### Task statement
Skip the pictures and write out, word for word, the lines below from the one with "Tibetan Singing Bowl Case" through the one with "Hamas'tan Trump'ın Planına", inclusive.

Start of Block

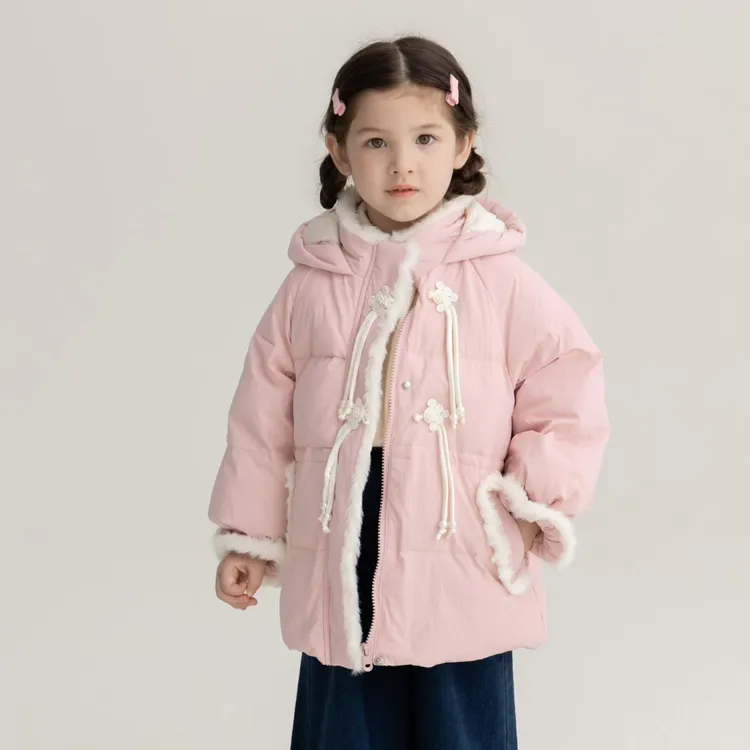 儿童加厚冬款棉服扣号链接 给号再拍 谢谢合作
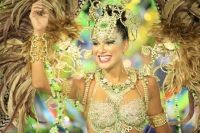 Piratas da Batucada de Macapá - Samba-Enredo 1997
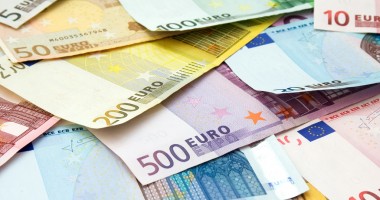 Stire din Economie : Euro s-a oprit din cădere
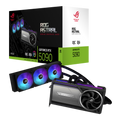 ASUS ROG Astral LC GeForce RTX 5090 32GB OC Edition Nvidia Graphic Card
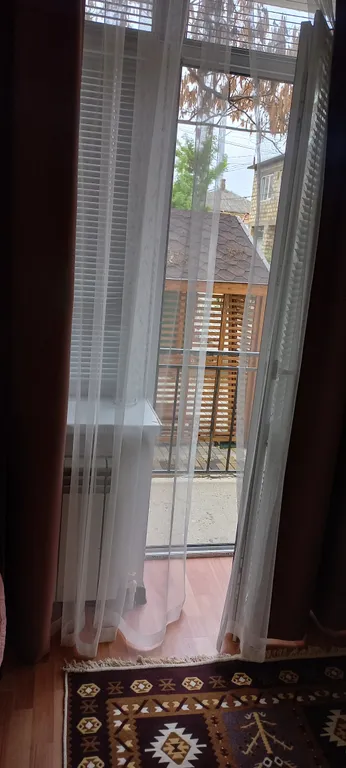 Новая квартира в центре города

End of Block
Start of Block

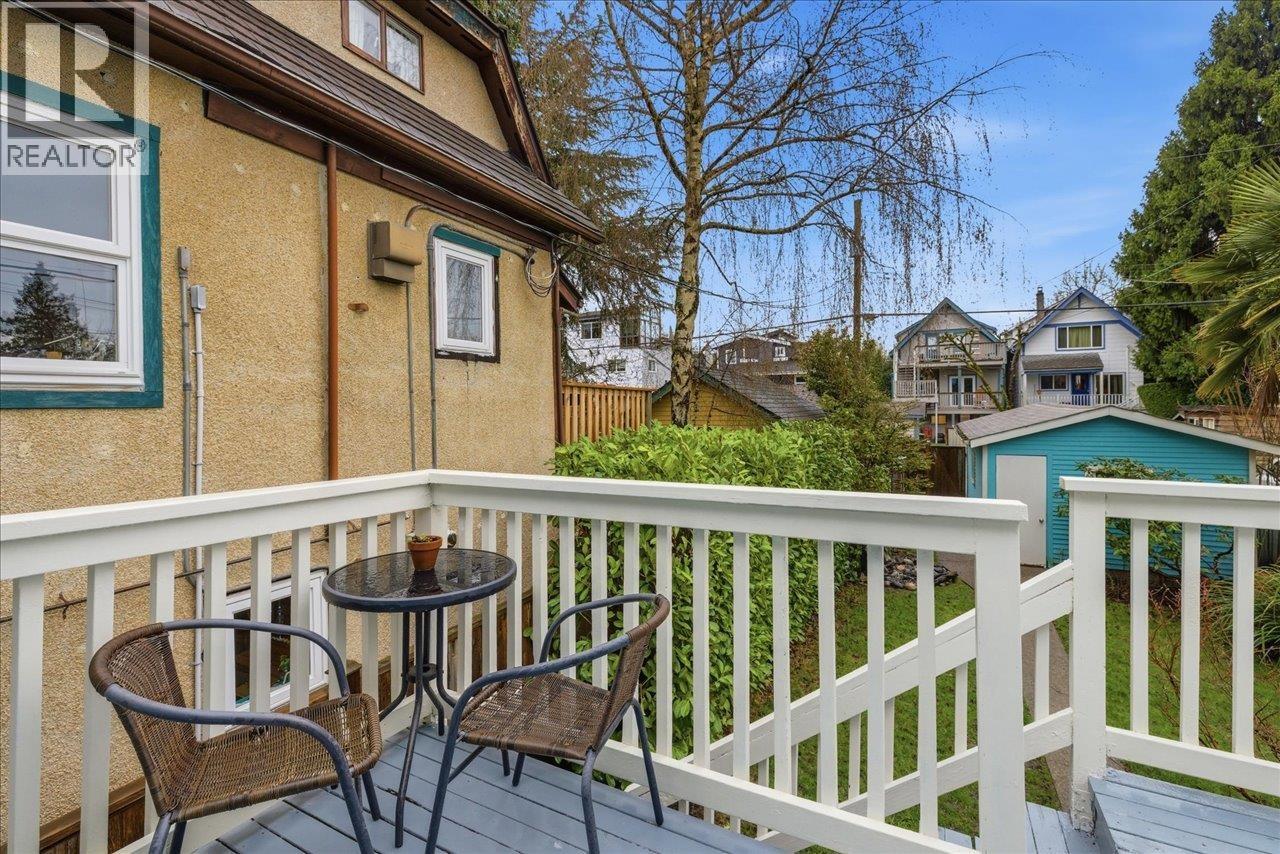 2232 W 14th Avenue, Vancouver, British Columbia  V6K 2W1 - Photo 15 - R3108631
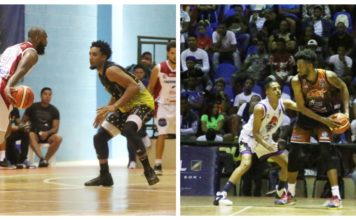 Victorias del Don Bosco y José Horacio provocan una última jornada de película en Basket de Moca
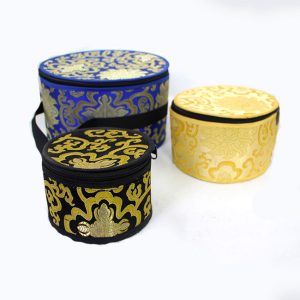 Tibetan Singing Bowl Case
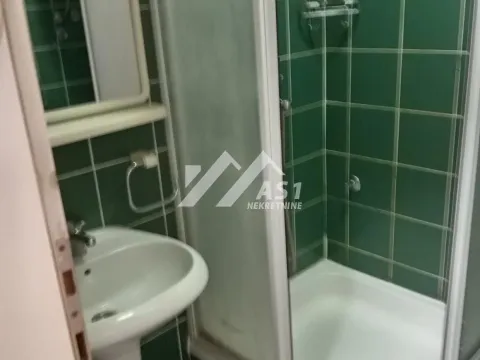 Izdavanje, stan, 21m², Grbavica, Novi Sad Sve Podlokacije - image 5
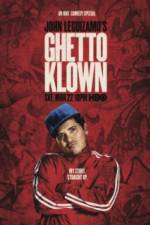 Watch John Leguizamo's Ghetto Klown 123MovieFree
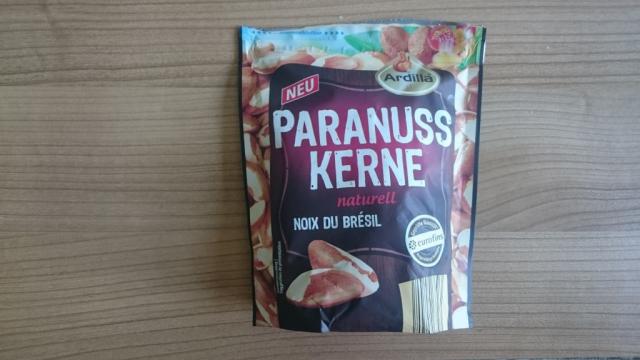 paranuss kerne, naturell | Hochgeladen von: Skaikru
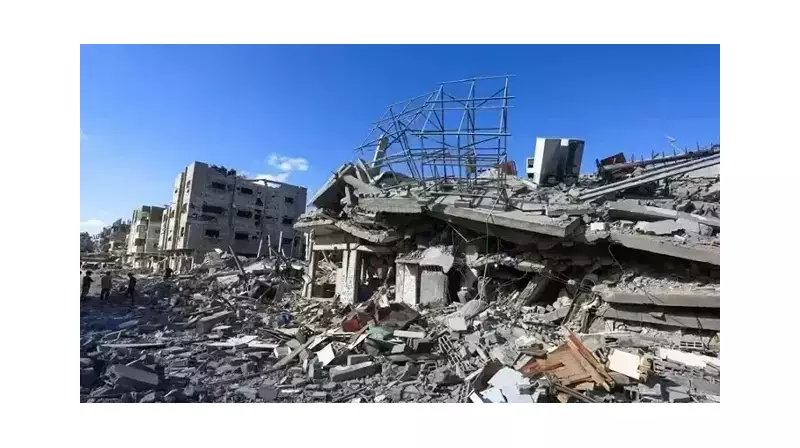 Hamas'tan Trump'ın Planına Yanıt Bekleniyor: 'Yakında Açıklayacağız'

End of Block

### Answer to this problem
 Tibetan Singing Bowl Case
 Izdavanje, stan, 21m², Grbavica, Novi Sad Sve Podlokacije - image 5
 Watch John Leguizamo's Ghetto Klown 123MovieFree
 paranuss kerne, naturell | Hochgeladen von: Skaikru
 Hamas'tan Trump'ın Planına Yanıt Bekleniyor: 'Yakında Açıklayacağız'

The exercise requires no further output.